Imagine this: life has been hard and it only gets harder. You do not have a place to call home, literally. Not only do you consistently not have a roof over your head, you also are fleeing from a larger overarching conflict. You cannot live in your country due to danger and threats. You have no clue where to begin looking for aid but you do know of a land of fortune and hope. There, you will get help. Regardless of what happens there, it will be better than what is going on where you are now. What do you do to escape this horrific reality? While this is not the only story of migration from foreign countries, it is a prominent one. Immigrants, more often than not, come to the US out of a fear to see how worse life will get, a mission to stay alive, and a resolve to act on whatever deeds regardless of the risk.

The Consideration of Deferred Action for Childhood Arrivals (DACA) started by former President Barack Obama, was created in 2012 to be a “temporary relief of deportation” and give participants a working permit. During his campaign, he repeatedly emphasized his actions against sects of immigration as one of his future goals. Among other things, Trump promised an immediate halt to DACA. Just a few months into his term, Trump has already acted on this. This policy protected 690,000 undocumented youth in America and he has since stopped the acceptance of new applicants. It protected young undocumented immigrants who met the following criteria:

  • Under the age of 31, as of June 15, 2012
  • Came to the United States before your 16th birthday
  • Lived in the U.S. since June 15th, 2007
  • Were in the U.S. on June 15th, 2012
  • Came to the U.S. without documents before June 15, 2012
  • Is currently studying, have a high school completed education, or served the military
  • Had not been convicted of a felony, or significant misdemeanor

Trump has had a different approach to dealing with undocumented people in America than previous presidents. The 2017 statistics of America show that 11.3 million people are undocumented in America, meaning that 3.4% of the 323 million people in America are undocumented. In the months falling between February and July, we saw at least 50,000 removals suggesting that Trump has been unafraid to act on his campaign trail promises. Illegal immigration has been minimized and deportation has been maximized. While Trump has stated that he wants to “work something out” for Dreamers, “[doesn’t] want to hurt those kids,” and “loves” Dreamers,  his executive actions offer conflicting messages. When Trump makes these remarks on television or tweets on social media, his objective is solely to inflate his own self-image.  In reality, he makes his image seem blurry, shallow and uncertain.

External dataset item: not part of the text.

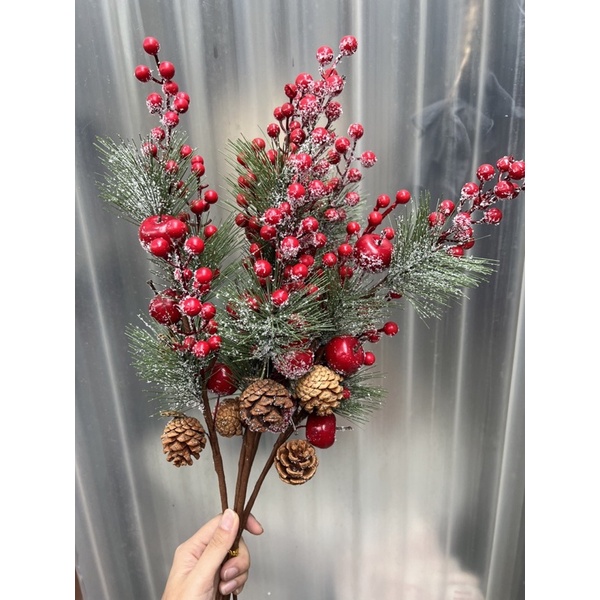 ĐÀO ĐÔNG TUYẾT -ĐÀO ĐÔNG NOEL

In a series of interviews, I asked a couple of students and adults on campus about what they thought about Trump repealing DACA. The most common response? Trump is not handling this efficiently. Cassie Parkinson, a sophomore at Amity Regional High School, a student justified in his lack of respect for Trump’s DACA repeal by saying that it is” not their fault their parents took them America.”

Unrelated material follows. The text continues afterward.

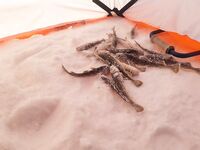 Не тот день, не то место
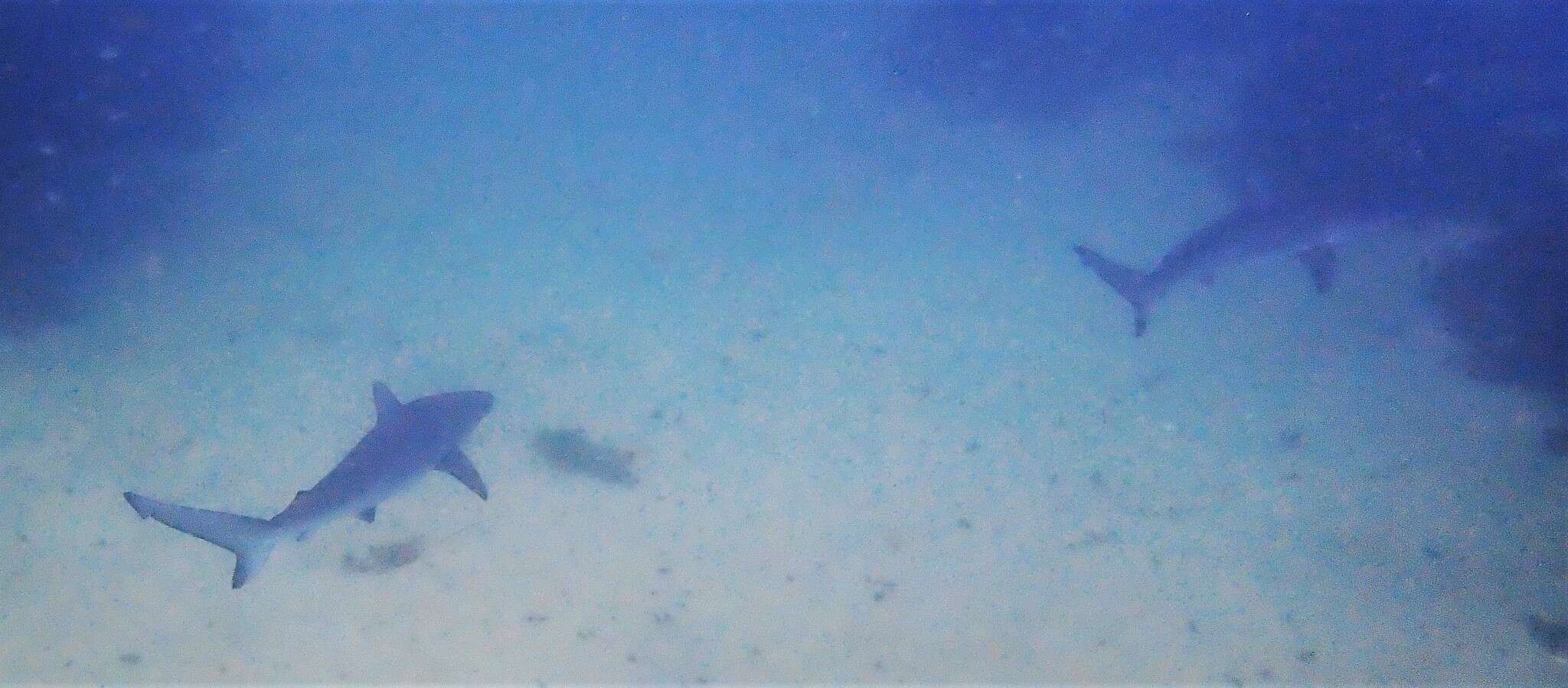 Image of Dusky Shark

        The media has a very strong influence on how undocumented immigrants and DACA are perceived. News headlines impact our understanding of immigrants through the terms used the use what parts of the person’s life they highlight. I googled the acronym “DACA,” and the two top stories side-by-side conflicted how they presented undocumented people. The first article was titled, “Illegal alien accused of murdering 18-year old was in DACA program” and shows an infuriated man’s mugshot. Article two was titled, “DACA changes life for student, mother” and has the image of a smiling woman. In just these two examples, undocumented immigrants were being depicted in two completely different ways.

        While the first story might negatively impact the perception of undocumented people, the second article gives us a sense of tolerance for those same undocumented individuals. Do the pros outweigh the cons or vice versa? This is a conversation that could go on and on. One thing we can do is commit to cover and investigate the effects of repealing DACA. We should look into the statistics on immigration, see the effects on South American countries, learn the stories of the undocumented families, understand what America envisions for the country’s future and recognize the impacts of the repeal of former DACA participants when their permits expire and they cannot reapply.



USCIS Staff. “Consideration of Deferred Action for Childhood Arrivals (DACA).” USCIS, www.uscis.gov/archive/consideration-deferred-action-childhood-arrivals-daca.


Meckler, Laura. “DACA Currently Enrolls About 690,000 Immigrants, Homeland Security Says.” The Wall Street Journal, Dow Jones & Company, 7 Sept. 2017, www.wsj.com/articles/daca-currentlyenrolls-about-690-000-immigrants-homeland-security-says-1504818726


Gomez, Alan. “Undocumented immigrant population in U.S. stays flat for eighth straight years.” USA Today, Gannett Satellite Information Network, 26 Apr. 2017, www.usatoday.com/story/news/world/2017/04/25/undocumented-mmigrant-population-united-states/100877164/.    


Emily Shugerman New York. “Trump administration has ordered deportations of 50,000 people since he took office.” The Independent, Independent Digital News and Media, 8 Aug. 2017, www.independent.co.uk/news/world/americas/us-politics/trump-deported-500000-immigrants-department-of-justice-undocumented-immigration-a7883466.html.